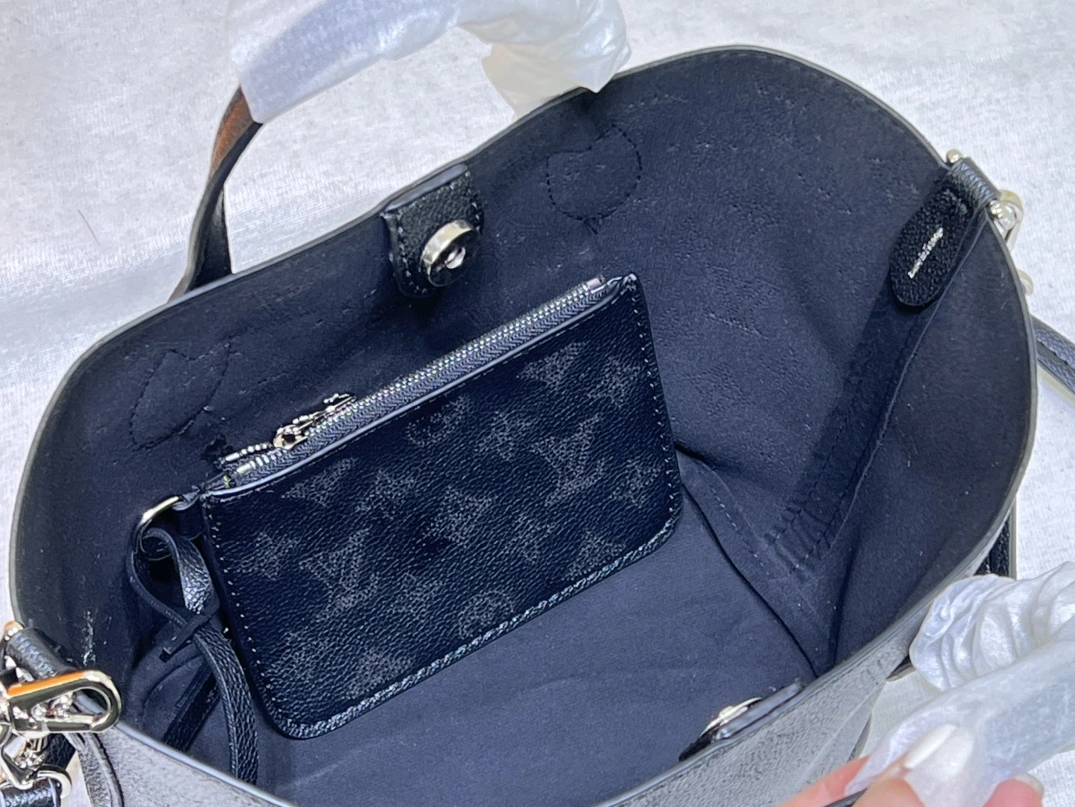 Lightweight 7768 Louis Vuitton AAA Quality Handbags For Women - Image 7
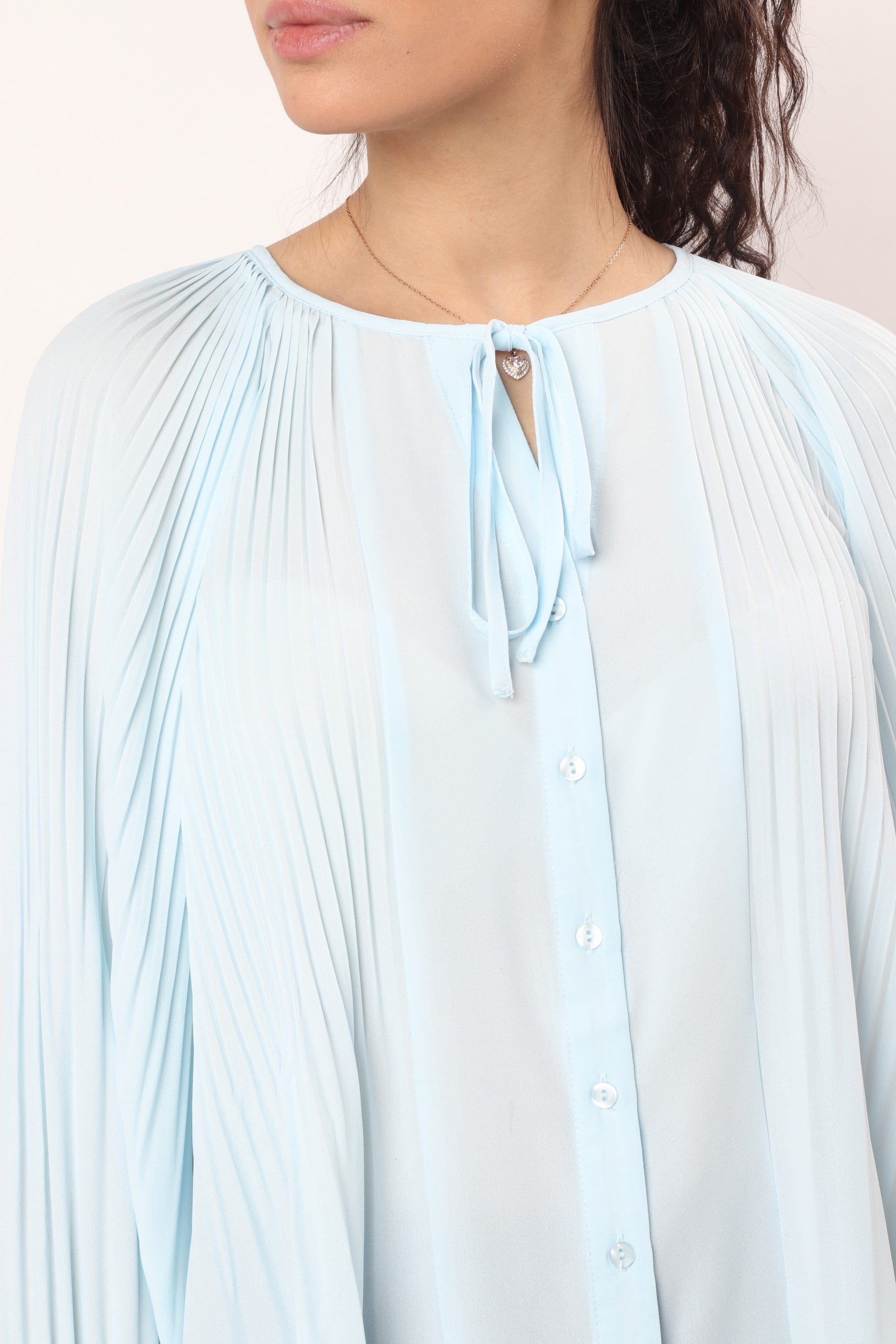 نتشي بلوزة كلوش مع رباط وكم طويل نسائي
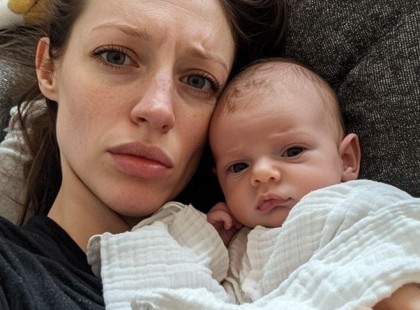 A férjem visszaköltözött az anyjához, amikor én és a baba megbetegedtünk, mert az én köhögésem 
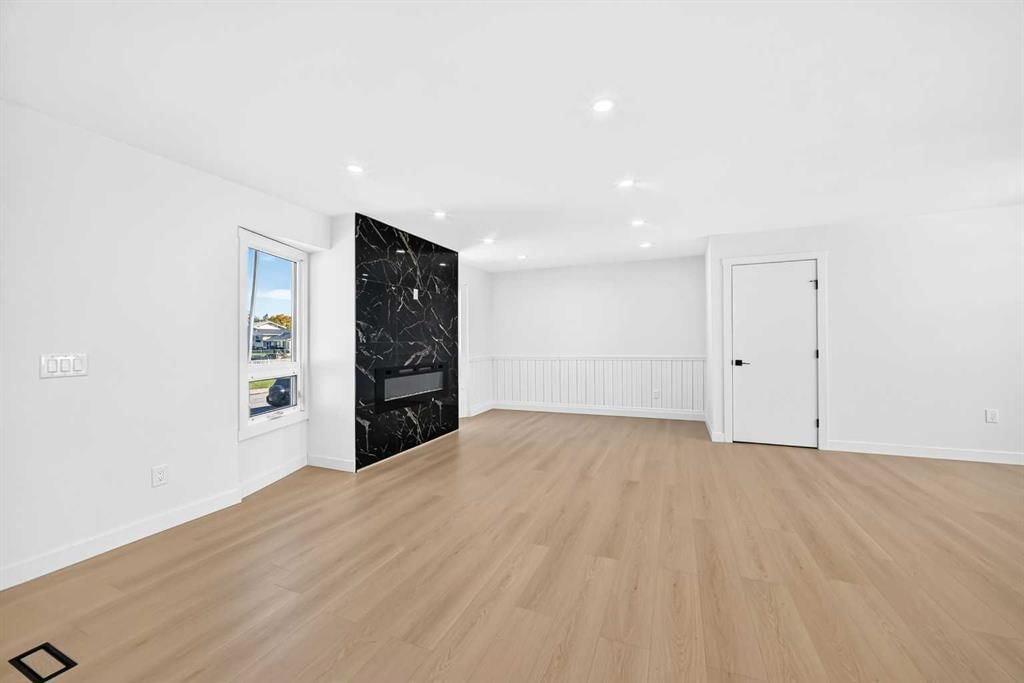 23 Penworth Crescent SE, Calgary — photo 4 of 50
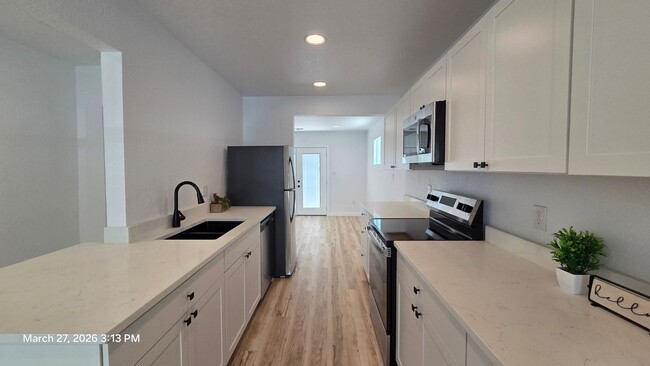 Building Photo - MUST SEE!! Woodlawn Lake  3 Bedroom 2 Full Bath Full Rehab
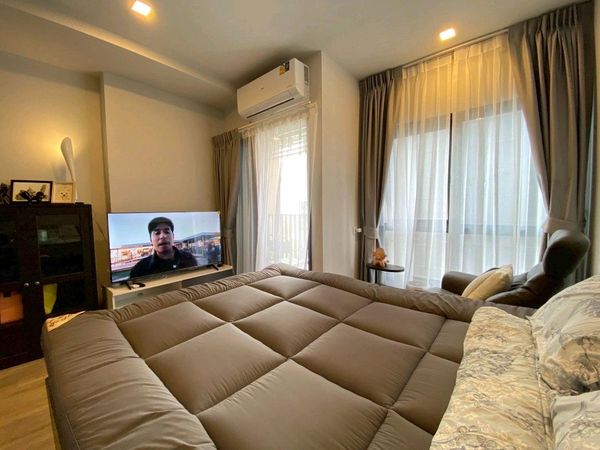 ✨ New condo, Pet-Friendly, in the heart of Lat Phrao Intersection, opposite Union Mall, walking distance to MRT and BTS, fully furnished. Ready to move in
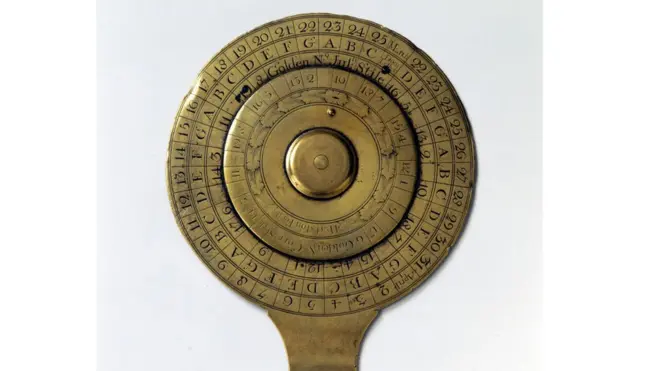 یک تقویم بلندمدت برنجی که برای تعیین روز عید پاک در تقویمهای ژولینی و گریگوری استفاده میشد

**Work request**
Pictures excluded, copy exactly the lines running from the one with "نتشي بلوزة كلوش مع رباط وكم طويل نسائي" through the last line of the material.

**Result of this exercise**
 نتشي بلوزة كلوش مع رباط وكم طويل نسائي
 A férjem visszaköltözött az anyjához, amikor én és a baba megbetegedtünk, mert az én köhögésem 
 23 Penworth Crescent SE, Calgary — photo 4 of 50
 Building Photo - MUST SEE!! Woodlawn Lake  3 Bedroom 2 Full Bath Full Rehab
 ✨ New condo, Pet-Friendly, in the heart of Lat Phrao Intersection, opposite Union Mall, walking distance to MRT and BTS, fully furnished. Ready to move in
 یک تقویم بلندمدت برنجی که برای تعیین روز عید پاک در تقویمهای ژولینی و گریگوری استفاده میشد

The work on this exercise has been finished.